ジョーとサンド・バーは元いた部屋に戻ったが、ルイの姿はなかった。
「ルイはどこへ行った?」
そこに姿を見せたゼモにジョーが尋ねると、ゼモは、
「ルイ様にお客様がお見えになって、今はその方とお会いになっています」
「客?」
ジョーは眉をひそめた。
(もしかして、共和国の人間?)
廊下の角で聞き耳を立てているエレンは焦っていた。
「まあ、いい。ここで待たせてもらう。ルイが話を終えたら、伝えてくれ」
「畏まりました」
ジョーとサンド・バーはそのまま部屋に入った。ゼモはエレンに気づいたが、そのまま踵を返して歩き去ってしまった。
(一足遅かった)
エレンは歯軋りをしたが、
(まだチャンスはある)
諦める事はしなかった。
(さっきのは何?)
カタリーナもまた、アメアの憎悪を感じた一人だった。
(アメアがジョーに対して激しい怒りを放っていた。それなのに、何故か私はアメアに同調してしまう)

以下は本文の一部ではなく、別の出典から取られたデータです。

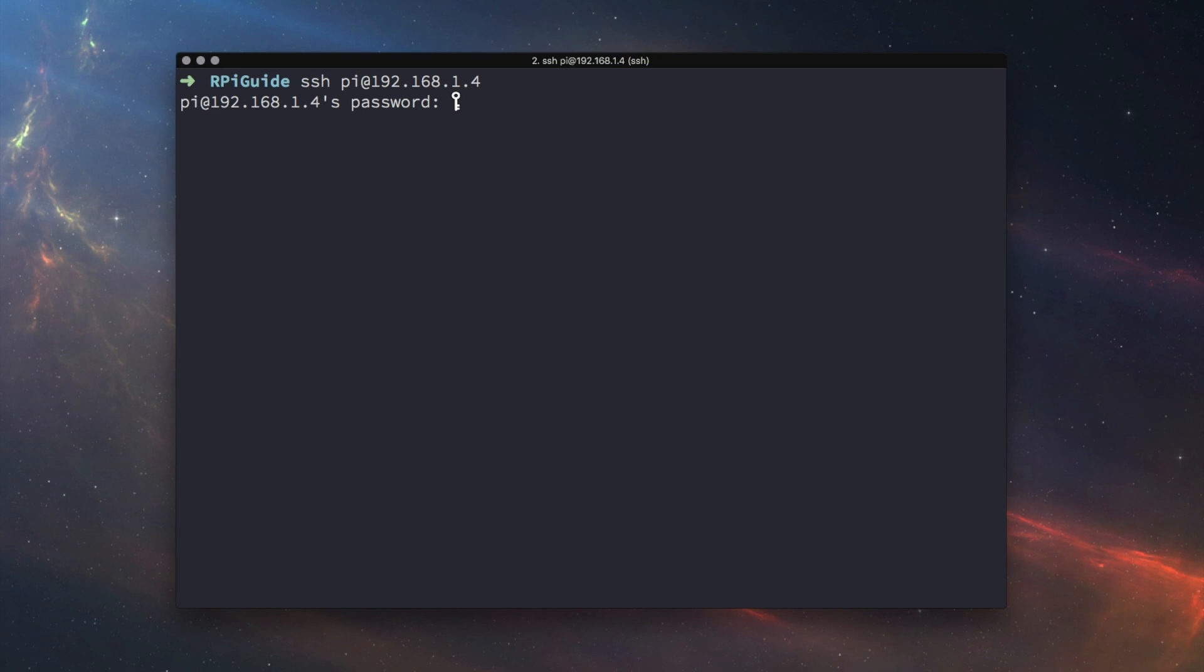Once you have SSH up and running on your Pi, in your terminal, type SSH your username at your hostname.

カタリーナは自分の感情がおかしくなっているのではないかと不安になった。
(まさか、アメアに取り込まれているの?)
カタリーナはアメアの強大な感情の波に恐怖を感じつつあった。
「話がある」
そこへアレンが顔を出した。カタリーナはキッとして彼を睨んだ。
「何?」
アレンはカタリーナのそばまで来て跪くと、
「総統領閣下を救って欲しい」
カタリーナにはその言葉の意味がわからなかった。